Using the node package

Installation

promptfoo is available as a node package on npm:

npm install promptfoo

Usage

Use promptfoo as a library in your project by importing the evaluate function and other utilities:

import promptfoo from 'promptfoo';

const results = await promptfoo.evaluate(testSuite, options);

The evaluate function takes the following parameters:

testSuite: the Javascript equivalent of the promptfooconfig.yaml as a TestSuiteConfiguration object.
options: misc options related to how the test harness runs, as an EvaluateOptions object.

The results of the evaluation are returned as an EvaluateSummary object.

Provider functions

A ProviderFunction is a Javascript function that implements an LLM API call. It takes a prompt string and a context. It returns the LLM response or an error. See ProviderFunction type.

You can load providers using the loadApiProvider function:

import { loadApiProvider } from 'promptfoo';

// Load a provider with default options
const provider = await loadApiProvider('openai:o3-mini');

// Load a provider with custom options
const providerWithOptions = await loadApiProvider('azure:chat:test', {
  options: {
    apiHost: 'test-host',
    apiKey: 'test-key',
  },
});

Assertion functions

An Assertion can take an AssertionValueFunction as its value. The function receives:

output: the LLM output string
context: execution context, including prompt, vars, test, logProbs, config, provider, providerResponse, and optional trace data for debugging

Type definition

type AssertionValueFunction = (
  output: string,
  context: AssertionValueFunctionContext,
) => AssertionValueFunctionResult | Promise<AssertionValueFunctionResult>;

interface AssertionValueFunctionContext {
prompt: string | undefined;
vars: Record<string, unknown>;
test: AtomicTestCase;
logProbs: number[] | undefined;
config?: Record<string, any>;
provider: ApiProvider | undefined;
providerResponse: ProviderResponse | undefined;
trace?: TraceData;
}

type AssertionValueFunctionResult = boolean | number | GradingResult;

interface GradingResult {
// Whether the test passed or failed
pass: boolean;

// Test score, typically between 0 and 1
score: number;

// Plain text reason for the result
reason: string;

// Map of labeled metrics to values
namedScores?: Record<string, number>;

// Weighted denominator for namedScores when assertion weights are used
namedScoreWeights?: Record<string, number>;

// Record of tokens usage for this assertion
tokensUsed?: Partial<{
total: number;
prompt: number;
completion: number;
cached?: number;
}>;

// Additional matcher/provider metadata
metadata?: Record<string, unknown>;

// List of results for each component of the assertion
componentResults?: GradingResult[];

// The assertion that was evaluated
assertion?: Assertion;
}

For more info on different assertion types, see assertions & metrics.

Transform functions

When using the node package, you can pass JavaScript functions directly as transform, transformVars, or contextTransform values — instead of string expressions or file:// references.

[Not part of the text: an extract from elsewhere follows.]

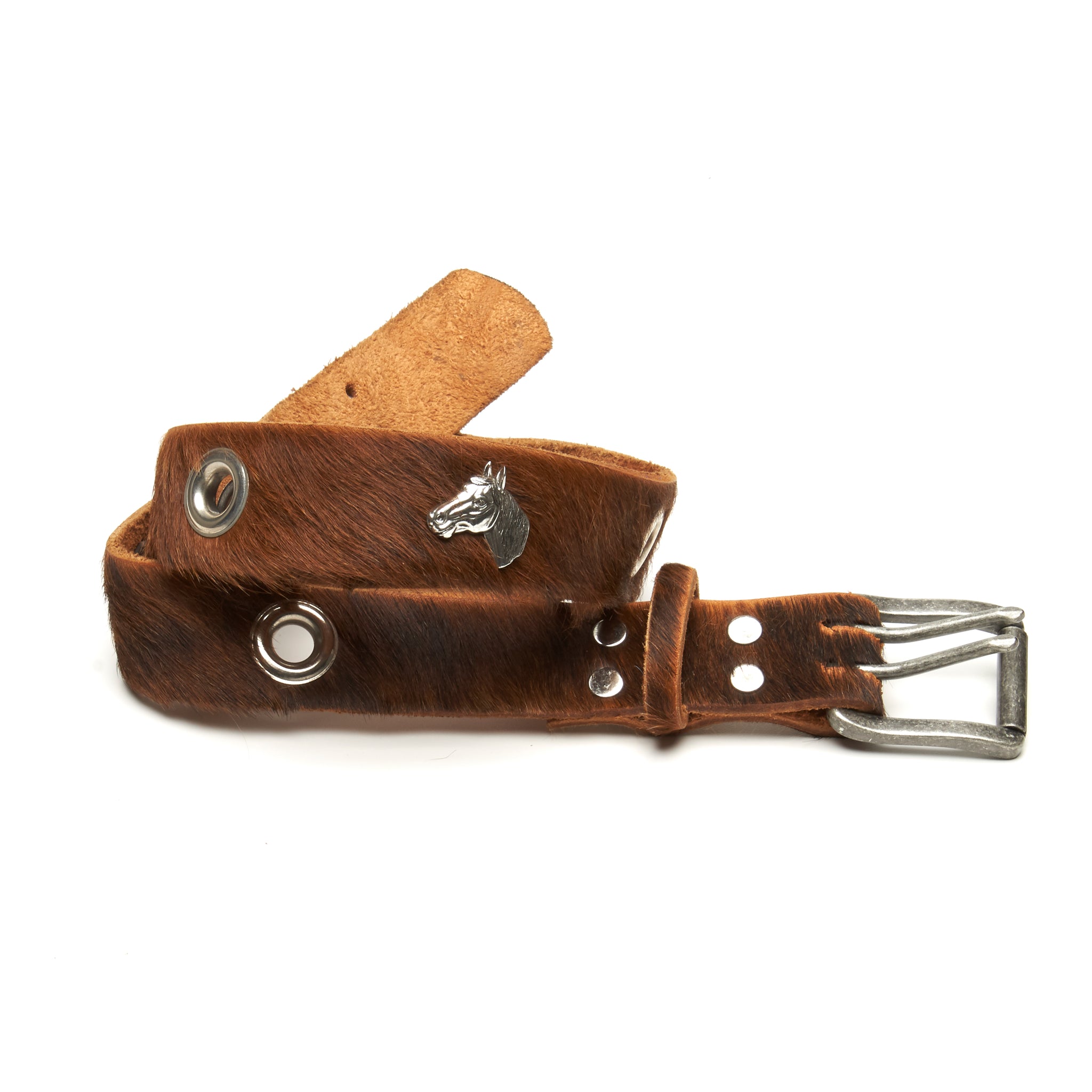 Horse head equestrian hair on cowhide belt by NYET Jewelry.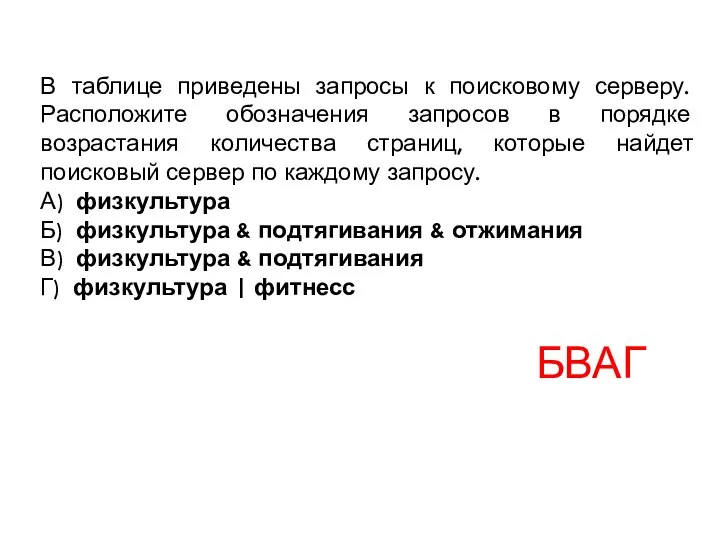 В таблице приведены запросы к поисковому серверу. Расположите обозначения запросов в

This enables better IDE support, type checking, and debugging:

import promptfoo from 'promptfoo';

const results = await promptfoo.evaluate({
  prompts: ['What tools did you use to answer: {{question}}'],
  providers: ['openai:gpt-5-mini'],
  tests: [
    {
      vars: { question: 'What is 2+2?' },
      options: {
        // Transform the output before assertions
        transform: (output, context) => {
          return output.toUpperCase();
        },
      },
      assert: [
        {
          type: 'contains',
          value: 'calculator',
          // Transform just for this assertion
          transform: (output, context) => {
            const tools = context.metadata?.toolCalls ?? [];
            return tools.map((t) => t.name).join(', ');
          },
        },
      ],
    },
  ],
});

Transform functions receive:

output: the LLM output (string or object)
context: an object containing vars, prompt, and optionally metadata from the provider response

note

Function transforms are not serializable. If you use writeLatestResults: true, function transforms will not be persisted in the stored config. Use string expressions or file:// references if you need results to be fully reproducible from the stored eval.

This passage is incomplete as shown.